The 21st Century brought an increased focus on energy conservation in the Air Force. The Undersecretary of the Air Force was designated the senior Air Force Energy Official, a role traditionally reserved for senior Air Force facility engineers. This raised visibility of energy conservation and usage amongst Air Force and Department of Defense leadership.

In 2006, the Air Force conducted the first flight by a military aircraft using a domestic synthetic fuel blend.

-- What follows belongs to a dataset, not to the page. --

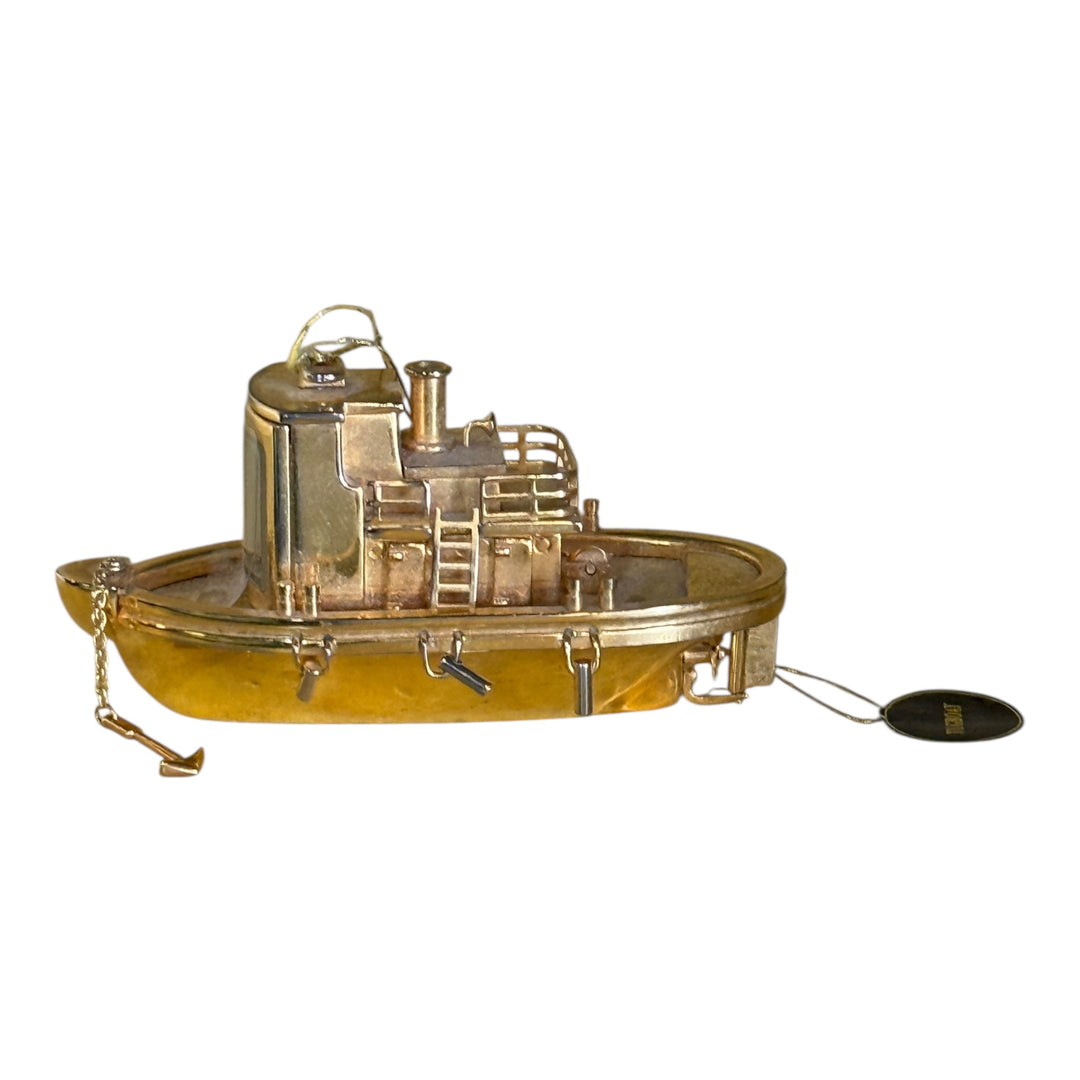 BULOVA Tug Boat Mini Clock Metal Gold Tone Vintage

The test was conducted at Edwards Air Force Base, California in a B-52 Stratofortress, and it culminated in four flights using all eight engines with the synthetic blend for the duration of each.

The following year was a pivotal point in the history of Air Force Energy, beginning with Executive Order 13423 mandating that all Federal agencies operate in an energy-conscious manner.

In 2008 Air Force Policy Memo (AFPM) 10-1 directed the development of an Energy Strategic Plan, designated Roles and Responsibilities, and created a new management structure under the Energy Program Management Office (EPMO) in 2009. The EPMO’s mission was to bring greater visibility to Air Force energy consumption trends and initiatives, and ensure energy was a consideration across Air Force missions. With energy’s quickly growing importance, Air Force leadership determined a broader effort was necessary. As a result, the EPMO became the Office of the Deputy Assistant Secretary of the Air Force (Energy) on 18 November 2010, appointing a Senior Executive Service (SES) as the Deputy Assistant Secretary to lead it, and becoming the first military service to identify energy as a major policy focus area.

==Present day==

The Office of the Deputy Assistant Secretary of the Air Force (Operational Energy) currently has personnel integrated into Air Force Acquisition Operations, Aviation Operations, Facility Management, Expeditionary Operations, and Logistics. In addition, the Operational Energy Office has established a relationship with the US Department of Energy (DoE), to research future opportunities for integrating alternative fuels into Air Force operations. The office also employs an outreach staff to address energy culture change across the service. Among other achievements, the Air Force Energy Office has led the first-ever pilot project to produce a 100% electric vehicle fleet at Los Angeles Air Force Base, California, directed the inaugural A-10 Warthog flight using a 50-50% blend of alcohol-to-jet (ATJ) and JP-8 fuel, and achieved nearly $1 million in utility cost savings from a new solar panel array at the US Air Force Academy.